Jonathan Julian Hopkins is a London-based musician and producer who writes and performs electronic music, began his career playing keyboard for Imogen Heap, and renowned for his production on albums by Brian Eno, Coldplay, David Holmes and many others. His following is not only for his contributions. Immunity, his 2014 LP release, harnessed more following for Hopkins and Singularity, the follow-up to this LP, strengthened his fanbase, but also added further conviction for those that were already aficionados.
Presented as the sister record to 2014’s Asleep Versions, Piano Versions is a collection of ambient piano cover versions, offering an alternative take on these tracks, which he clearly holds dearly. A love letter to tracks originally by Roger & Brian Eno (Wintergreen), Thom Yorke, Luke Abbott (Modern Driveway) and James Yorkston (Heron) are presented in a completely new context to their initial form. On these versions, Hopkins used his upright piano as the centrepiece of the EP, whilst recording the ambient, environmental elements around it.
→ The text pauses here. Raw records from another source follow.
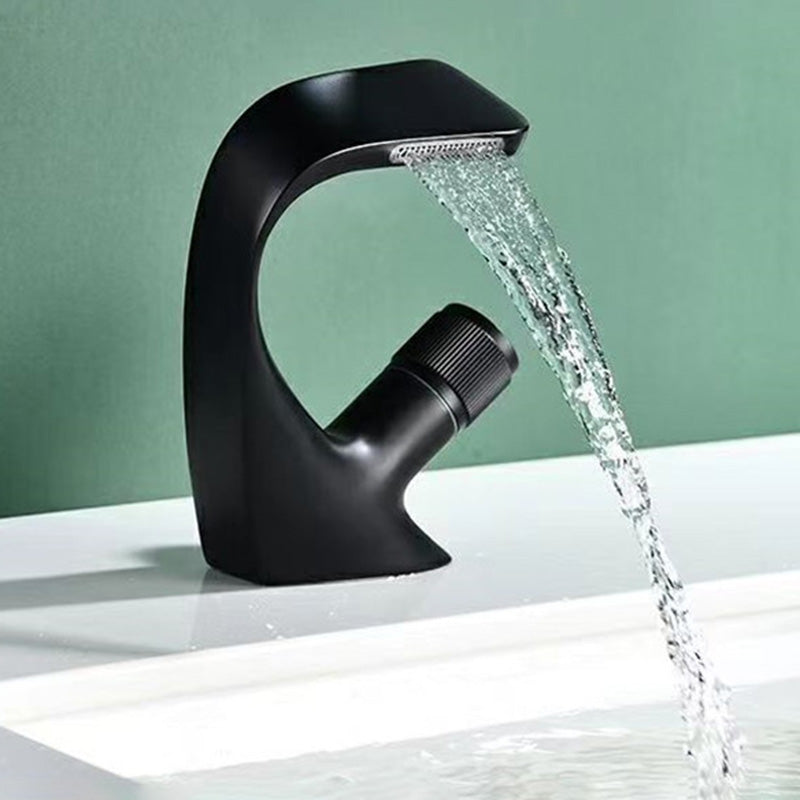 Avtoit | Modern Center Connection Faucets Single Lever Faucets with Waterfall Spout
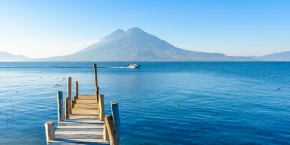 Ponte sul lago Atitlan | Viaggiare in Guatemala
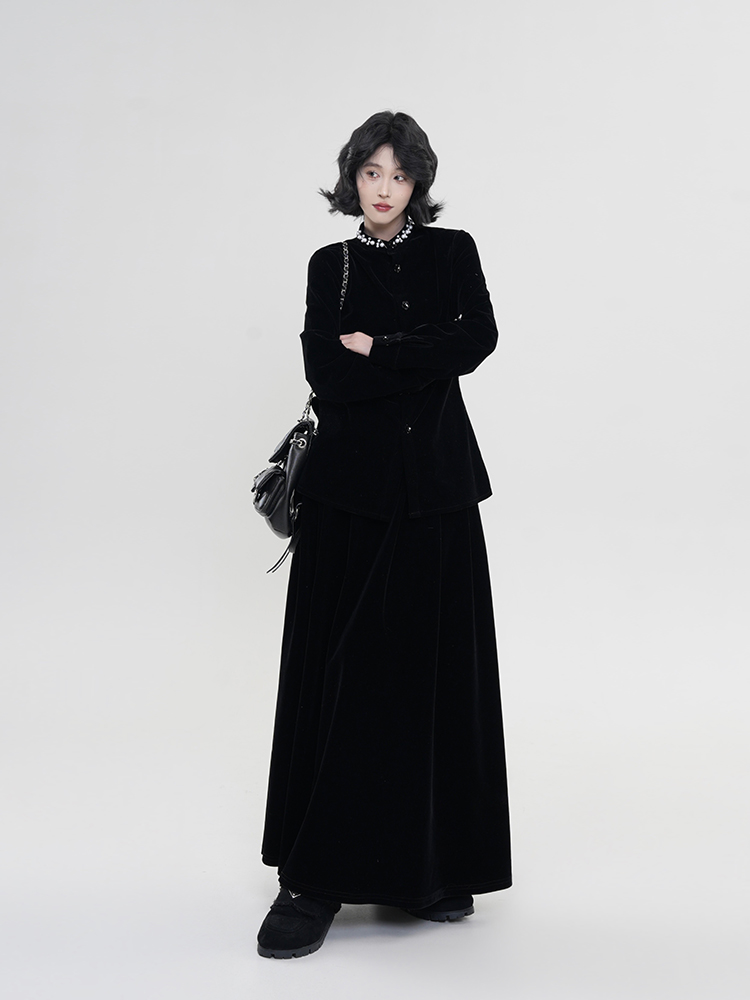 Black Velvet Round Neck Fleece Coat for Women - Korean Style High-End Loose Long Sleeve Winter Top Black Velvet Round Neck Fleece Coat for Women - Korean Style High-End Loose Long Sleeve Winter Top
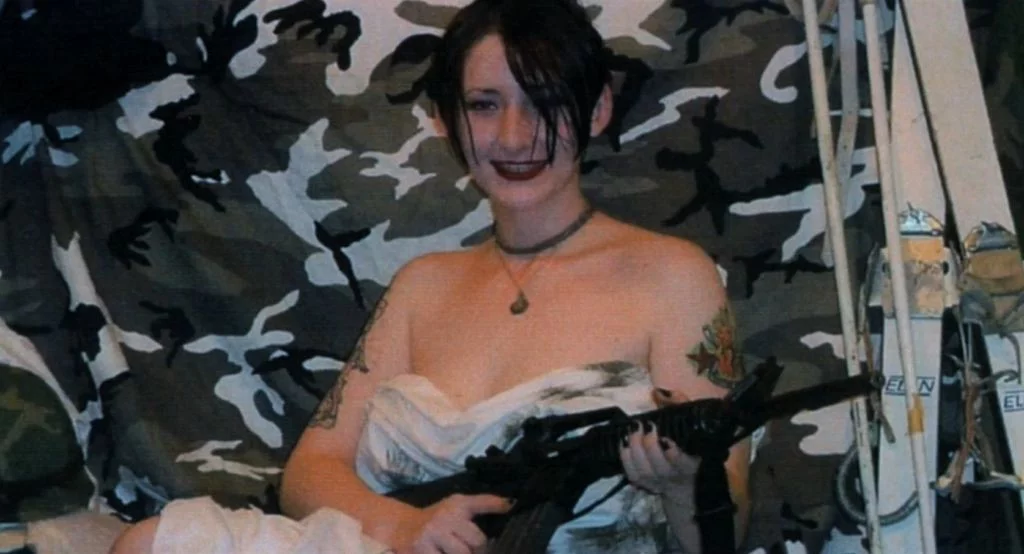 „Zabawy z bronią” (2002). Zdjęcie z kalendarza stworzonego przez wielbicieli broni, którzy chcieli w ten sposób pokazać, że są „normalnymi ludźmi”
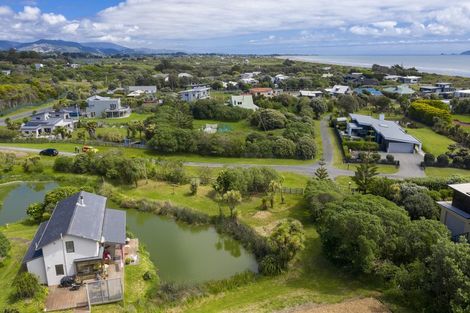 Photo of property in 106 Paetawa Road, Peka Peka, Waikanae, 5391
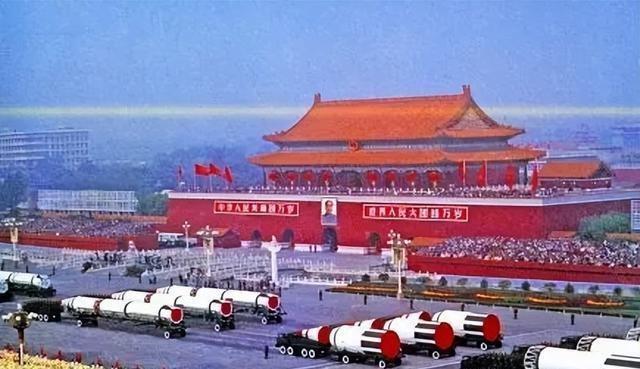 石家庄疫情中的生命之痛，谁在这场无声战役中逝去？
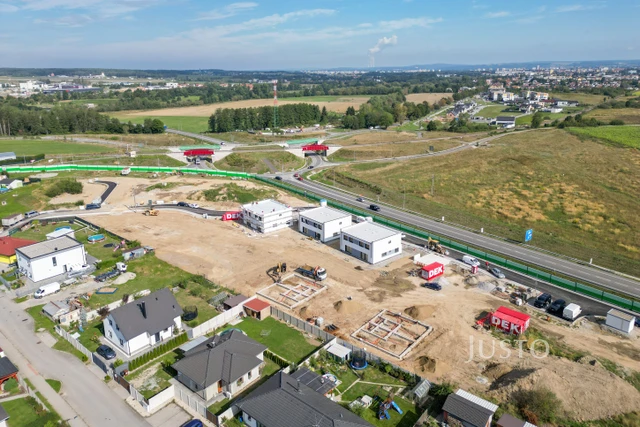 Prodej 5+kk 123 m² + zahrada 122 m² + terasa + parkování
An unsurprising selection of tracks, unsurprisingly stunningly covered. Stripping these songs down to ambient piano, Hopkins’ playful release reminding of his eclectic music taste and the effect that piano can have on music whatever the genre of original track. Dawn Chorus is quite clearly that but Heron is vastly different, so much so that it most certainly transforms into an entirely different instrumental song. Glitches and field recordings add an implicit depth to a track already stunning, altering it to more of an evocative soundscape, one that resonates with the outdoor life and abundance in time for nature that we have become more recently accustomed to. Wintergreen is stunning on the piano and Modern Driveway is so far removed from their original that it too becomes undistinguishable. The whirring sounds that cloud the minimalist piano are reminiscent of the noise of murmurations, an organic continuation from Heron. Evocative, raw, and with enough recordings to provide aural scapes to the central piano, Piano Versions is unsurprising yet surprising at the same time. Certainly with every listen you gain something new, and Hopkins makes it a joy to sit through these recordings noting the glitches and sounds, with the piano at the core.